The Corner

Cross Hatch

I read John Yoo’s case for keeping Senator Orrin Hatch (R., Utah) with interest because I have no strong views on the matter. Yoo makes the case that Hatch has done a lot for conservatives. I agree. Hatch can be quite an effective spokesman; he has the whole more-in-sorrow-than-in-anger form of rebuking his opponents down pat. On the other hand, I don’t know if I buy that Antonin Scalia would not have been confirmed without Hatch’s assistance. The first Italian-American justice won the votes of 98 senators, after all.

Anyway, what I found unsatisfying in Yoo’s case was his failure to mention* the other side of the ledger. Hatch was a co-sponsor of immigration bills most conservatives oppose; he teamed up with Ted Kennedy to create the S-Chip entitlement; he supported the nominations of Justices Breyer and Ginsburg along with those of many lower-court liberals; and so on.
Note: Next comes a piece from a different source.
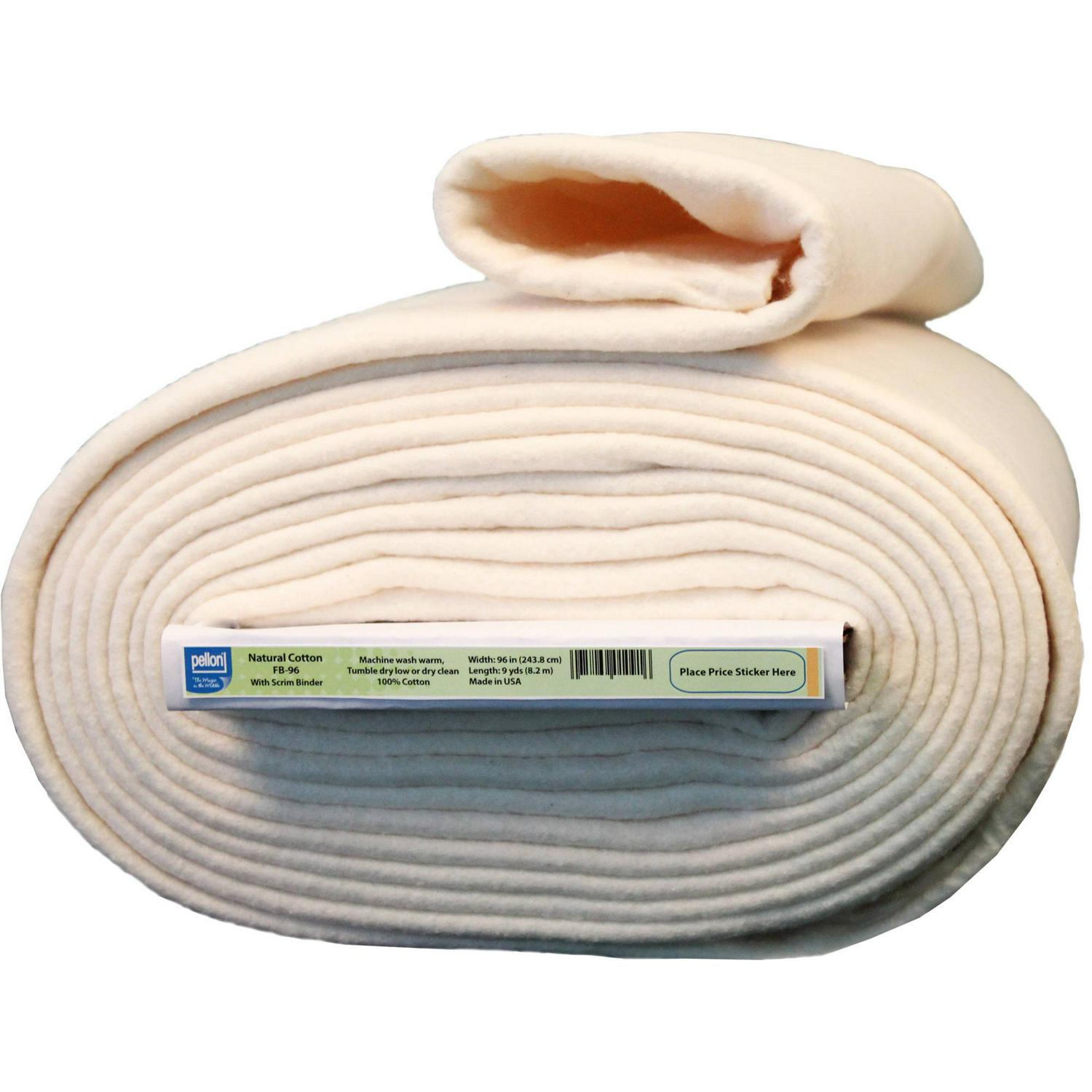 2024 Pellon Natural Cotton Batting, off-White 96 x 9 Yards by the Bolt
Now there may be good defenses of some of these positions, and Hatch’s record has gotten better in recent years (especially since he saw his colleague Bob Bennett lose his seat). But I read Yoo’s article to imply that only purist nuts have reservations about Hatch—and that’s just false.

* Update: Yoo did have a sentence specifying a few of the conservative objections, so I shouldn’t have said that he didn’t mention them. But I don’t think he can be said to have dealt with them adequately.